Title. Synaptosomal MicroRNAs, Synaptic Damage and Cognitive Decline in Alzheimer's Disease
Project summary/abstract
The purpose of our study is to determine the role of synaptosomal microRNAs (miRNAs) in Alzheimer's
disease (AD) progression and pathogenesis. Synapses are the most important compartments of neuron that
deliver signals to adjacent neuron and maintain healthy synaptic functions of the brain. Synapse territories are
composed of synaptic vesicles, synaptic proteins, mitochondria, neurotransmitters receptors, postsynaptic
density protein and localized small RNAs and miRNAs. Recently, several studies identified the miRNAs
enrichments at synapse, synaptic vesicles and synaptosomes. However, the role of synapse-associated
miRNAs in AD progression is completely unexplored. In the first part of our study, we will identify the
synaptosome-specific miRNAs that are deregulated in AD, and further, we will characterize their roles in AD
progression and pathogenesis. Synaptosomal fraction will be extracted from frontal cortex region of
postmortem brains from AD (n=15) and healthy controls (n=15). Total RNA will be extracted from
synaptosomal fraction and processed for miRNA and mRNA sequencing. The deregulated synaptosome-
specific miRNAs will be characterized in vitro using miRNA mimics and inhibitor(s) approaches and mutant
APP and p-tau cDNA constructs. Impact of synaptosomal miRNAs will be studied against Aß and p-tau
induced toxicities. In second part we will determine the role of synaptosomal miRNAs in Aß induced synaptic
and cognitive dysfunction in AD. The impact of synaptosomal miRNAs will be studied on healthy neurons and
AD neurons with Aß induced toxicities. We will focus on neuronal processing, neuronal growth and network
development and synaptic plasticity using APP primary neuronal cultures. Alteration of synaptosomal miRNAs
expression and synaptic proteins will be studied with disease progression in APP transgenic (TG) and APP
knockout (KO) mice.
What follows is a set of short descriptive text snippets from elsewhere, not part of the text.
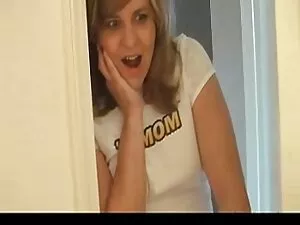 Uma miúda alegre com ...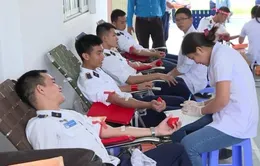 Hơn 700 người tham gia ngày "Chủ nhật đỏ" ở Khánh Hòa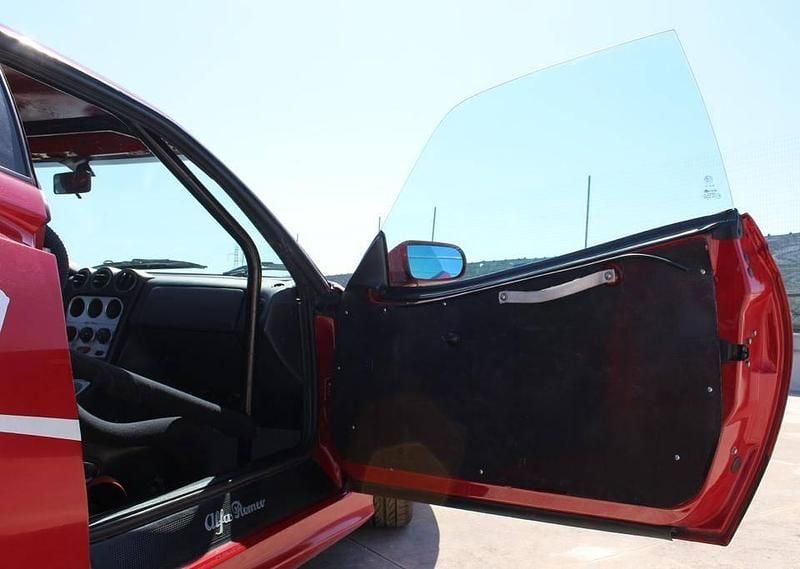 Occasion Alfa Romeo GTV 220 PK (161 kW) 2000 Rood Coupé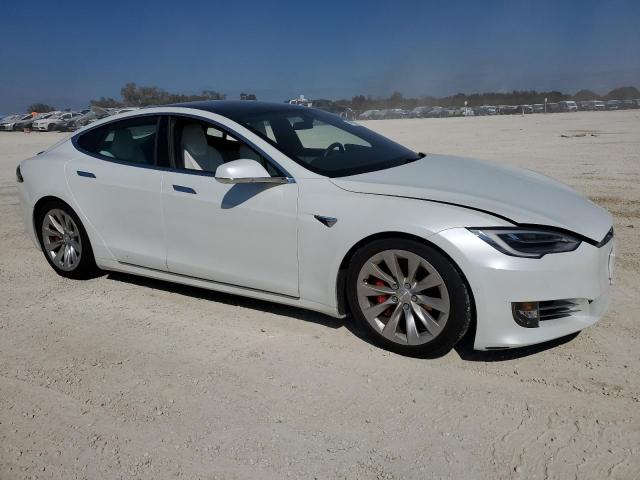 Photo 3 VIN: 5YJSA1E43KF337399 - TESLA MODEL S 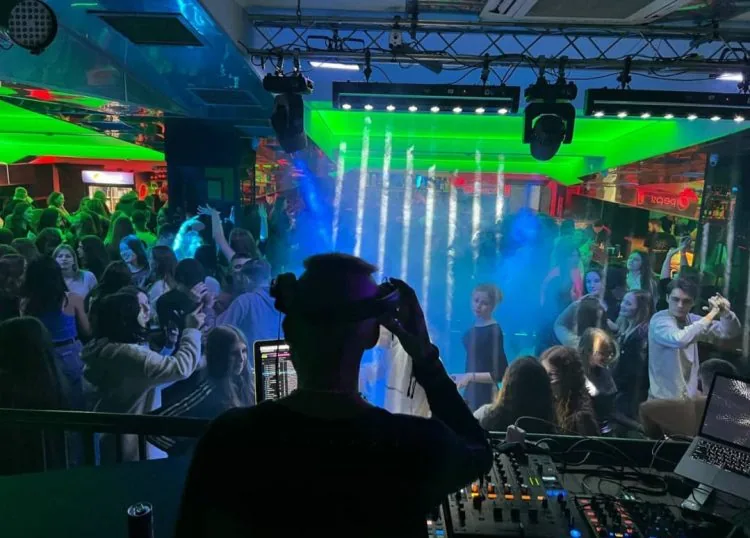 вечеріка Версаль День студента 2022 1 (3)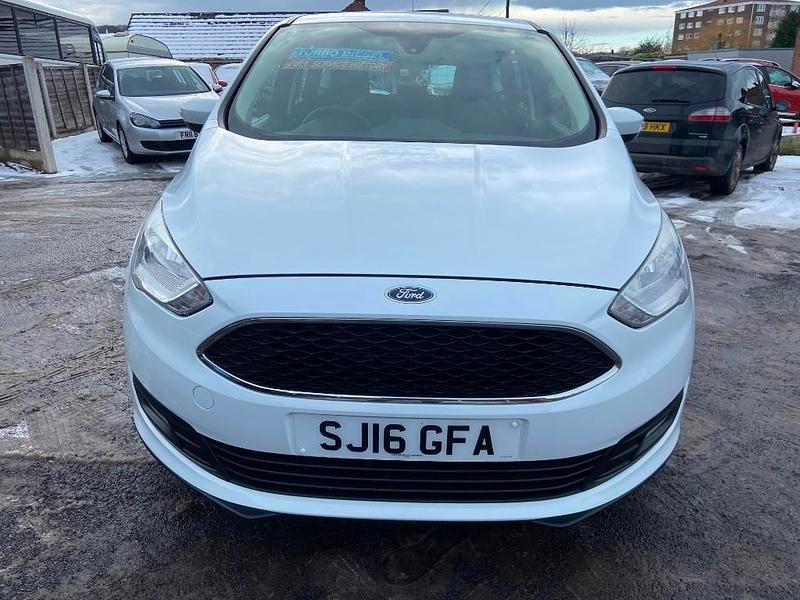 Used Ford C-MAX Zetec 2016 White MPV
We will execute the synaptosome-specific miRNAs expression with various cognitive
behavioral and biochemical tests in 2-, 6-, 12- and 18-month-old APP TG and APP KO mice lines relative to
age-matched TG negative wild-type (WT) mice. And in third part we will study the role of synaptosomal
miRNAs in phosphorylated-tau (p-tau) induced synaptic and cognitive dysfunction in AD. The impact of
synaptosomal miRNAs will be studied on p-tau induced toxicity in neurons, healthy neurons processing,
neuronal growth and network development and synaptic plasticity using tau primary neuronal culture. Alteration
of synaptosomal miRNAs and synaptic proteins will be studied with disease progression in Tau TG and Tau
KO mice. We will execute the synaptosome-specific miRNAs expression with various cognitive behavioral and
biochemical tests in 2-, 6-, 12- and 18-month-old tau TG and KO mice relative to WT mice. Our study outcome
will provide the answers for - 1) presence of synaptosomal miRNAs at AD synapse, 2) synaptosome-
associated miRNAs linked with Aß and p-tau pathologies in AD, 3) Overall synapse function, synaptic activity,
assessment of therapeutic value of synaptosome-associated miRNAs in AD.